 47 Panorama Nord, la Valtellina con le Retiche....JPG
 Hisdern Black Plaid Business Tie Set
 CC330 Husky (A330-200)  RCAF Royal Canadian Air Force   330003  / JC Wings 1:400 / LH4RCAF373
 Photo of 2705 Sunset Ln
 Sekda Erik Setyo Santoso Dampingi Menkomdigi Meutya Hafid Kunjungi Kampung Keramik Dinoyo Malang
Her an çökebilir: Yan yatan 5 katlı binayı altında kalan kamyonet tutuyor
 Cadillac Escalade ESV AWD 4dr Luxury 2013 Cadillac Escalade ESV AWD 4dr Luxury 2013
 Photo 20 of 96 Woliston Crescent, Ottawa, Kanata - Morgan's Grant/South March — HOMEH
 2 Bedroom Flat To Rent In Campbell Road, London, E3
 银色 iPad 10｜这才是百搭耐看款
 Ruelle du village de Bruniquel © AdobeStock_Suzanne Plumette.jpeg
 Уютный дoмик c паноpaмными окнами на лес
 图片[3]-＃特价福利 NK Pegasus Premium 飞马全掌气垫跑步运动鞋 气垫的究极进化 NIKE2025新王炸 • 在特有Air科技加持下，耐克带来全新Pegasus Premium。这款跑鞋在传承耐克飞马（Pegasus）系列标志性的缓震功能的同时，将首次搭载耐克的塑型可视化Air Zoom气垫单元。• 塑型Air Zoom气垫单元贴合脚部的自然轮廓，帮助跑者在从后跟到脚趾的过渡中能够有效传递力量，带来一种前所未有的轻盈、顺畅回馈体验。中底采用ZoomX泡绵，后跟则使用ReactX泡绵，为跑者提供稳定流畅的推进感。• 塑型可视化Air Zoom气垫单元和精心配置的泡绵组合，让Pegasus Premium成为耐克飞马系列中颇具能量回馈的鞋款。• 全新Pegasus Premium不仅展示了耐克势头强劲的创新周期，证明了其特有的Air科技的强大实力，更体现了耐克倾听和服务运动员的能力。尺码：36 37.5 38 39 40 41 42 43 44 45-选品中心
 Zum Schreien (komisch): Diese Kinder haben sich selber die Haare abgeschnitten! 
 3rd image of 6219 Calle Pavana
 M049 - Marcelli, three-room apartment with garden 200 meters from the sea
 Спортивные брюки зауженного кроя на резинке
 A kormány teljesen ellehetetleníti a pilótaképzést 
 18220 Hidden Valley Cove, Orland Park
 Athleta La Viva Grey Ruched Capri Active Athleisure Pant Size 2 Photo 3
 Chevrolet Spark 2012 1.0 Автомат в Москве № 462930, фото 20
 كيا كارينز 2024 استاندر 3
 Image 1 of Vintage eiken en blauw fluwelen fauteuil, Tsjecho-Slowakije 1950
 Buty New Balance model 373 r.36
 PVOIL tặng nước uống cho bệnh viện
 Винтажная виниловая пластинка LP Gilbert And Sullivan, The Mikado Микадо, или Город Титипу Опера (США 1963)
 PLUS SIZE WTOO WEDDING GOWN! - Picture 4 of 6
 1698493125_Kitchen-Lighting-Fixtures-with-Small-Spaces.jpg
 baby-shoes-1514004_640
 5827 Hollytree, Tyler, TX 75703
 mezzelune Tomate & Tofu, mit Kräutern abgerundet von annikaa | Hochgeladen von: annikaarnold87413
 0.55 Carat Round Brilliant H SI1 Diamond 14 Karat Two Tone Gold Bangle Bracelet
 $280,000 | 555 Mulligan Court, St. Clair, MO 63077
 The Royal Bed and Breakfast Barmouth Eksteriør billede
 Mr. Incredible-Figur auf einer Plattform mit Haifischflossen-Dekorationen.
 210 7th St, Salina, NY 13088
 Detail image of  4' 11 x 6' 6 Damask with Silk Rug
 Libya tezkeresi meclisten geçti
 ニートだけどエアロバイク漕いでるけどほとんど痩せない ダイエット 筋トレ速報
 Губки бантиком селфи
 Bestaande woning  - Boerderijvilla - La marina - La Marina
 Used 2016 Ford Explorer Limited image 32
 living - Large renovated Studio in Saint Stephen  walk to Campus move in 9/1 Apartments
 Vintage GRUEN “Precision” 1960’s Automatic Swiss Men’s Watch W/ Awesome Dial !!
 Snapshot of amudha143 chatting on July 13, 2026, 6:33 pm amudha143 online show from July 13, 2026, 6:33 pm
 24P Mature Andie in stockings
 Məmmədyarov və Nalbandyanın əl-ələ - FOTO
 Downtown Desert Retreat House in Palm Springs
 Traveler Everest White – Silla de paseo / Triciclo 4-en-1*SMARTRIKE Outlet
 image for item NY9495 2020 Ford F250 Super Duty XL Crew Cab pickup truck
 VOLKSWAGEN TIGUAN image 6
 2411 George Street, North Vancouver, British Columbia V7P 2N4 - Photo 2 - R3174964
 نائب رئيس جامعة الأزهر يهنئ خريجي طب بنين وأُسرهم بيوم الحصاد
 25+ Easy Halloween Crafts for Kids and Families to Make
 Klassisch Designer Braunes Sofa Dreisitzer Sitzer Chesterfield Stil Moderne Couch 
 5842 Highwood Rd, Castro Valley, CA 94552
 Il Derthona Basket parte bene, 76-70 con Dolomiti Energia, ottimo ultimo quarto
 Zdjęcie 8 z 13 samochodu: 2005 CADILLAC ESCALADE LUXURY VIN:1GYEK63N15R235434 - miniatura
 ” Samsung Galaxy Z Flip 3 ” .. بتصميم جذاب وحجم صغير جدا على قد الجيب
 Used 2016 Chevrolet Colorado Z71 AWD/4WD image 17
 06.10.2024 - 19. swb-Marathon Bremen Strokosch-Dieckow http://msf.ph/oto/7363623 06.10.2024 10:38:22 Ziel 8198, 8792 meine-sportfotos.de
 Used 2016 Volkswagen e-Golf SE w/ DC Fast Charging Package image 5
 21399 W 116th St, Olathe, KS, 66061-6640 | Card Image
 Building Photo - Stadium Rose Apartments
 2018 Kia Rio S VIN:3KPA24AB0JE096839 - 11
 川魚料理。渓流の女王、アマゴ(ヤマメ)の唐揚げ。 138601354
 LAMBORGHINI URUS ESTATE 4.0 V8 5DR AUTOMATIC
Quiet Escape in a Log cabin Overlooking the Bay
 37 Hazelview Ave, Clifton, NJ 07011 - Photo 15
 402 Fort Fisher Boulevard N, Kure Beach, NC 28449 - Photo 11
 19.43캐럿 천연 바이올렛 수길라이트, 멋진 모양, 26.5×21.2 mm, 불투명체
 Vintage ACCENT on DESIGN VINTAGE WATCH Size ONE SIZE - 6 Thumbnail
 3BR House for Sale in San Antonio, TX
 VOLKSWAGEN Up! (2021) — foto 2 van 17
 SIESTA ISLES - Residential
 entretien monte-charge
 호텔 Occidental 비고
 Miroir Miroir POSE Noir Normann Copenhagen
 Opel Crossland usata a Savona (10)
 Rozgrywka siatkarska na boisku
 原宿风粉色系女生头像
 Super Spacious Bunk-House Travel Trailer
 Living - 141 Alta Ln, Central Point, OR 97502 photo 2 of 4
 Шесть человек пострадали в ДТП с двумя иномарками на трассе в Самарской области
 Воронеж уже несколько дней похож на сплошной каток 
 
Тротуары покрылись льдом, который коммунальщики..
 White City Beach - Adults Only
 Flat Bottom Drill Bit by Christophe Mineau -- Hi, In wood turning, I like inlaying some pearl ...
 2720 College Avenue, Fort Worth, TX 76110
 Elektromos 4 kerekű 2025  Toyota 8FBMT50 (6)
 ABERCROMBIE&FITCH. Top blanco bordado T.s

- - - - -

What you should do:
Take the material above and transcribe all of it exactly.

Result:
 47 Panorama Nord, la Valtellina con le Retiche....JPG
 Hisdern Black Plaid Business Tie Set
 CC330 Husky (A330-200)  RCAF Royal Canadian Air Force   330003  / JC Wings 1:400 / LH4RCAF373
 Photo of 2705 Sunset Ln
 Sekda Erik Setyo Santoso Dampingi Menkomdigi Meutya Hafid Kunjungi Kampung Keramik Dinoyo Malang
Her an çökebilir: Yan yatan 5 katlı binayı altında kalan kamyonet tutuyor
 Cadillac Escalade ESV AWD 4dr Luxury 2013 Cadillac Escalade ESV AWD 4dr Luxury 2013
 Photo 20 of 96 Woliston Crescent, Ottawa, Kanata - Morgan's Grant/South March — HOMEH
 2 Bedroom Flat To Rent In Campbell Road, London, E3
 银色 iPad 10｜这才是百搭耐看款
 Ruelle du village de Bruniquel © AdobeStock_Suzanne Plumette.jpeg
 Уютный дoмик c паноpaмными окнами на лес
 图片[3]-＃特价福利 NK Pegasus Premium 飞马全掌气垫跑步运动鞋 气垫的究极进化 NIKE2025新王炸 • 在特有Air科技加持下，耐克带来全新Pegasus Premium。这款跑鞋在传承耐克飞马（Pegasus）系列标志性的缓震功能的同时，将首次搭载耐克的塑型可视化Air Zoom气垫单元。• 塑型Air Zoom气垫单元贴合脚部的自然轮廓，帮助跑者在从后跟到脚趾的过渡中能够有效传递力量，带来一种前所未有的轻盈、顺畅回馈体验。中底采用ZoomX泡绵，后跟则使用ReactX泡绵，为跑者提供稳定流畅的推进感。• 塑型可视化Air Zoom气垫单元和精心配置的泡绵组合，让Pegasus Premium成为耐克飞马系列中颇具能量回馈的鞋款。• 全新Pegasus Premium不仅展示了耐克势头强劲的创新周期，证明了其特有的Air科技的强大实力，更体现了耐克倾听和服务运动员的能力。尺码：36 37.5 38 39 40 41 42 43 44 45-选品中心
 Zum Schreien (komisch): Diese Kinder haben sich selber die Haare abgeschnitten! 
 3rd image of 6219 Calle Pavana
 M049 - Marcelli, three-room apartment with garden 200 meters from the sea
 Спортивные брюки зауженного кроя на резинке
 A kormány teljesen ellehetetleníti a pilótaképzést 
 18220 Hidden Valley Cove, Orland Park
 Athleta La Viva Grey Ruched Capri Active Athleisure Pant Size 2 Photo 3
 Chevrolet Spark 2012 1.0 Автомат в Москве № 462930, фото 20
 كيا كارينز 2024 استاندر 3
 Image 1 of Vintage eiken en blauw fluwelen fauteuil, Tsjecho-Slowakije 1950
 Buty New Balance model 373 r.36
 PVOIL tặng nước uống cho bệnh viện
 Винтажная виниловая пластинка LP Gilbert And Sullivan, The Mikado Микадо, или Город Титипу Опера (США 1963)
 PLUS SIZE WTOO WEDDING GOWN! - Picture 4 of 6
 1698493125_Kitchen-Lighting-Fixtures-with-Small-Spaces.jpg
 baby-shoes-1514004_640
 5827 Hollytree, Tyler, TX 75703
 mezzelune Tomate & Tofu, mit Kräutern abgerundet von annikaa | Hochgeladen von: annikaarnold87413
 0.55 Carat Round Brilliant H SI1 Diamond 14 Karat Two Tone Gold Bangle Bracelet
 $280,000 | 555 Mulligan Court, St. Clair, MO 63077
 The Royal Bed and Breakfast Barmouth Eksteriør billede
 Mr. Incredible-Figur auf einer Plattform mit Haifischflossen-Dekorationen.
 210 7th St, Salina, NY 13088
 Detail image of  4' 11 x 6' 6 Damask with Silk Rug
 Libya tezkeresi meclisten geçti
 ニートだけどエアロバイク漕いでるけどほとんど痩せない ダイエット 筋トレ速報
 Губки бантиком селфи
 Bestaande woning  - Boerderijvilla - La marina - La Marina
 Used 2016 Ford Explorer Limited image 32
 living - Large renovated Studio in Saint Stephen  walk to Campus move in 9/1 Apartments
 Vintage GRUEN “Precision” 1960’s Automatic Swiss Men’s Watch W/ Awesome Dial !!
 Snapshot of amudha143 chatting on July 13, 2026, 6:33 pm amudha143 online show from July 13, 2026, 6:33 pm
 24P Mature Andie in stockings
 Məmmədyarov və Nalbandyanın əl-ələ - FOTO
 Downtown Desert Retreat House in Palm Springs
 Traveler Everest White – Silla de paseo / Triciclo 4-en-1*SMARTRIKE Outlet
 image for item NY9495 2020 Ford F250 Super Duty XL Crew Cab pickup truck
 VOLKSWAGEN TIGUAN image 6
 2411 George Street, North Vancouver, British Columbia V7P 2N4 - Photo 2 - R3174964
 نائب رئيس جامعة الأزهر يهنئ خريجي طب بنين وأُسرهم بيوم الحصاد
 25+ Easy Halloween Crafts for Kids and Families to Make
 Klassisch Designer Braunes Sofa Dreisitzer Sitzer Chesterfield Stil Moderne Couch 
 5842 Highwood Rd, Castro Valley, CA 94552
 Il Derthona Basket parte bene, 76-70 con Dolomiti Energia, ottimo ultimo quarto
 Zdjęcie 8 z 13 samochodu: 2005 CADILLAC ESCALADE LUXURY VIN:1GYEK63N15R235434 - miniatura
 ” Samsung Galaxy Z Flip 3 ” .. بتصميم جذاب وحجم صغير جدا على قد الجيب
 Used 2016 Chevrolet Colorado Z71 AWD/4WD image 17
 06.10.2024 - 19. swb-Marathon Bremen Strokosch-Dieckow http://msf.ph/oto/7363623 06.10.2024 10:38:22 Ziel 8198, 8792 meine-sportfotos.de
 Used 2016 Volkswagen e-Golf SE w/ DC Fast Charging Package image 5
 21399 W 116th St, Olathe, KS, 66061-6640 | Card Image
 Building Photo - Stadium Rose Apartments
 2018 Kia Rio S VIN:3KPA24AB0JE096839 - 11
 川魚料理。渓流の女王、アマゴ(ヤマメ)の唐揚げ。 138601354
 LAMBORGHINI URUS ESTATE 4.0 V8 5DR AUTOMATIC
Quiet Escape in a Log cabin Overlooking the Bay
 37 Hazelview Ave, Clifton, NJ 07011 - Photo 15
 402 Fort Fisher Boulevard N, Kure Beach, NC 28449 - Photo 11
 19.43캐럿 천연 바이올렛 수길라이트, 멋진 모양, 26.5×21.2 mm, 불투명체
 Vintage ACCENT on DESIGN VINTAGE WATCH Size ONE SIZE - 6 Thumbnail
 3BR House for Sale in San Antonio, TX
 VOLKSWAGEN Up! (2021) — foto 2 van 17
 SIESTA ISLES - Residential
 entretien monte-charge
 호텔 Occidental 비고
 Miroir Miroir POSE Noir Normann Copenhagen
 Opel Crossland usata a Savona (10)
 Rozgrywka siatkarska na boisku
 原宿风粉色系女生头像
 Super Spacious Bunk-House Travel Trailer
 Living - 141 Alta Ln, Central Point, OR 97502 photo 2 of 4
 Шесть человек пострадали в ДТП с двумя иномарками на трассе в Самарской области
 Воронеж уже несколько дней похож на сплошной каток 
 
Тротуары покрылись льдом, который коммунальщики..
 White City Beach - Adults Only
 Flat Bottom Drill Bit by Christophe Mineau -- Hi, In wood turning, I like inlaying some pearl ...
 2720 College Avenue, Fort Worth, TX 76110
 Elektromos 4 kerekű 2025  Toyota 8FBMT50 (6)
 ABERCROMBIE&FITCH. Top blanco bordado T.s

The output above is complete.